_Requirement_
Start at the line holding "this 640×480 image.". Write out that line and each one after it to the end of the data, unchanged.
(Beginning of Extracted records)
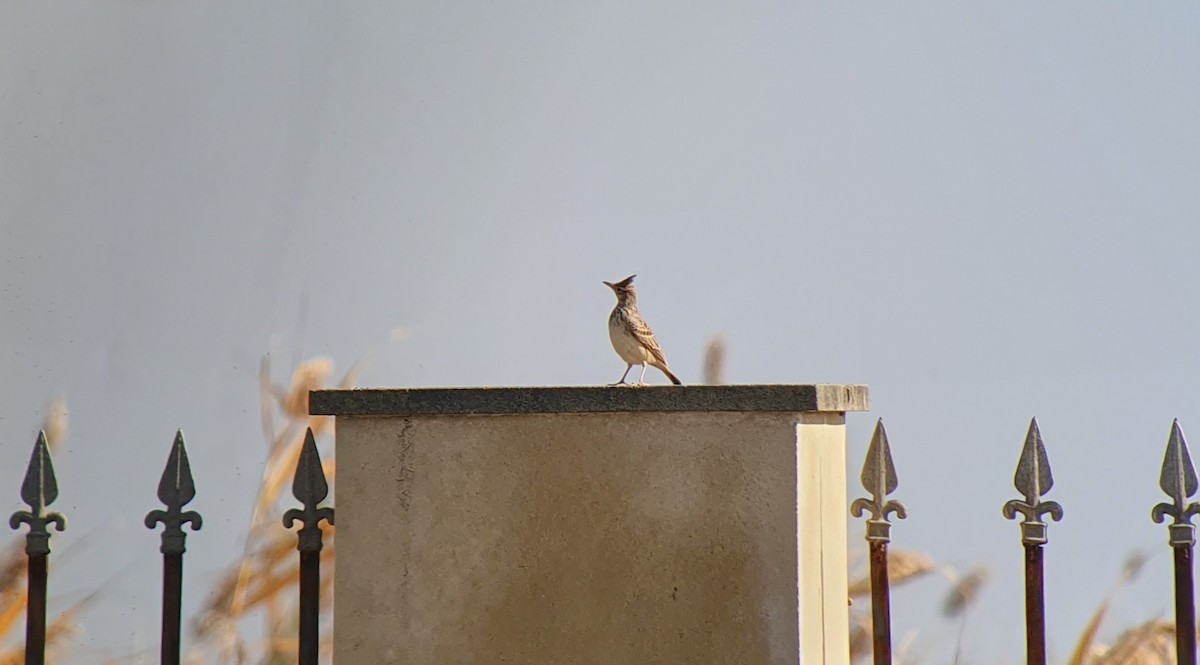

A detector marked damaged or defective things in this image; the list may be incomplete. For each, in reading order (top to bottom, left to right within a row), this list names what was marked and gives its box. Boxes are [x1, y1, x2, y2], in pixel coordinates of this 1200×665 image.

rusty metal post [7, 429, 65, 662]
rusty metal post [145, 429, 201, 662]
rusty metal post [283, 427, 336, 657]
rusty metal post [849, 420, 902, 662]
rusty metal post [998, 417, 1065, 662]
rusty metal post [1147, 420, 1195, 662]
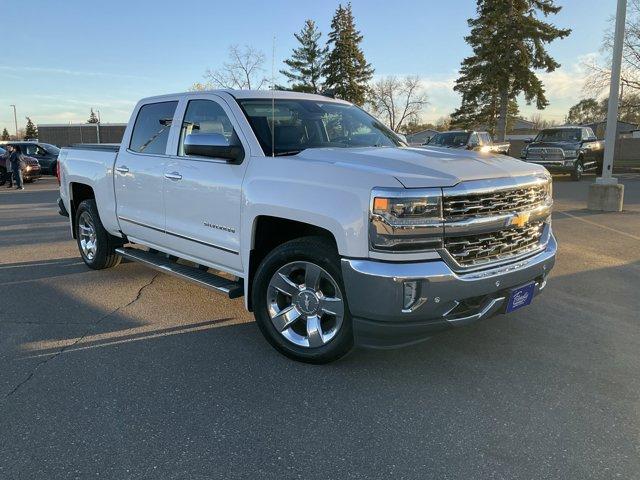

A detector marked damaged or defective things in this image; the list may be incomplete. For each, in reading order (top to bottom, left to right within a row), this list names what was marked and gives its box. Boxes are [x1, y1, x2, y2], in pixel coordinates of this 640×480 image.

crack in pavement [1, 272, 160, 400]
(End of Extracted records)
_Answer to the problem_
A detector marked damaged or defective things in this image; the list may be incomplete. For each, in reading order (top to bottom, left to right within a row), this list names what was marked and gives its box. Boxes are [x1, y1, x2, y2], in pixel coordinates of this 640×480 image.

crack in pavement [1, 272, 160, 400]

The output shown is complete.